Calamity Lane

Curious Code for Curious Coders

Them What Deals With th'Devil...

With my recent spate of GServer problems, I thought I’d post something that, surprisingly, turned out not to be much of a problem at all: turning a Ruby GServer into a Windows service.

First, it helps tremendously if you already have Cygwin installed. If you don’t, you should, as you get lots of UNIX-y command-line goodness (for example, a “Find In Files” functionality (grep) that actually finds stuff in files. Uncanny!)

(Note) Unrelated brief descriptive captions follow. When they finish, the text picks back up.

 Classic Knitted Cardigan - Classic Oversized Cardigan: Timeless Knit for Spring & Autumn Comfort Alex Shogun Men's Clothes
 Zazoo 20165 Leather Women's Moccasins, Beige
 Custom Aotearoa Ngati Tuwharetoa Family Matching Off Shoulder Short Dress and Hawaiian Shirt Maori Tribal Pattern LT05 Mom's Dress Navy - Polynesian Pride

I’d used Cygwin’s “cygrunsrv” to run Cygwin’s SSH server on Windows, because I love SSH and it seemed like a good idea at the time. I didn’t realize you could use it to create service out of arbitrary programs. With the following command (broken up for readability):

cygrunsrv /
    --install "Bill Gates is Reading My Source Code Service" /
    --path c:/ruby/bin/rubyw.exe /
    --args c:/Projects/source_viewer/source_viewer_server.rb

…you can be running your server under your very own Windows service! (Pardon me while I run gargle with some bleach.)

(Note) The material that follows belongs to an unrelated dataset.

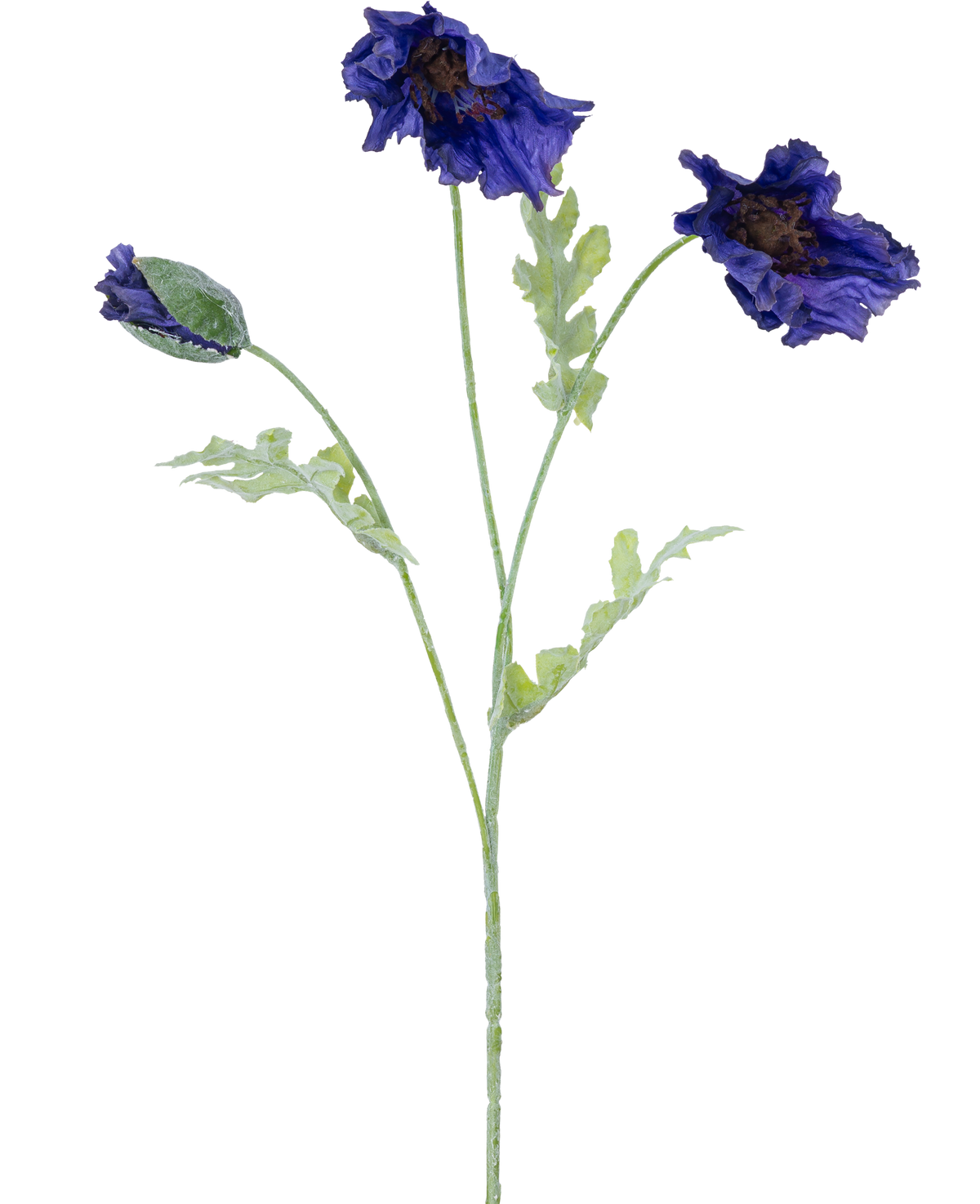 Eine botanische Illustration der künstlichen Blumenmohnblume 73 cm dunkelblau zeigt drei hellgrüne Stiele – zwei mit Rüschen aus dunkelblauen Blüten und einer mit einer geschlossenen Knospe vor weißem Hintergrund.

Basically, you just need a name, the path to your Ruby executable, and the path to your application, and you’re good to go.

Notice here that I’ve used “rubyw.exe” which is a “windowless” version of Ruby. It does not try to open Window’s crippled console, but runs strictly in the background, which is nice if you want to launch a server from a windows shortcut without distracting little black screens popping up. I have no idea if this helps any, but I figured it couldn’t hurt (famous last words).

One other important thing to be aware of is that Windows does not respond to standard system signals, so you will need to add the following method to your server class (as seen here):

def trap(signal)
  Kernel::trap(signal){yield}{loop{sleep 1}} # Stupid Windows...

This lets you stop the service from services.msc– if you don’t have this, chances are good that the whole thing will hang when you try to stop or restart your service.

There are a number of other (probably better) methods to turn programs into Windows services, but this one was quick, easy and served my needs well.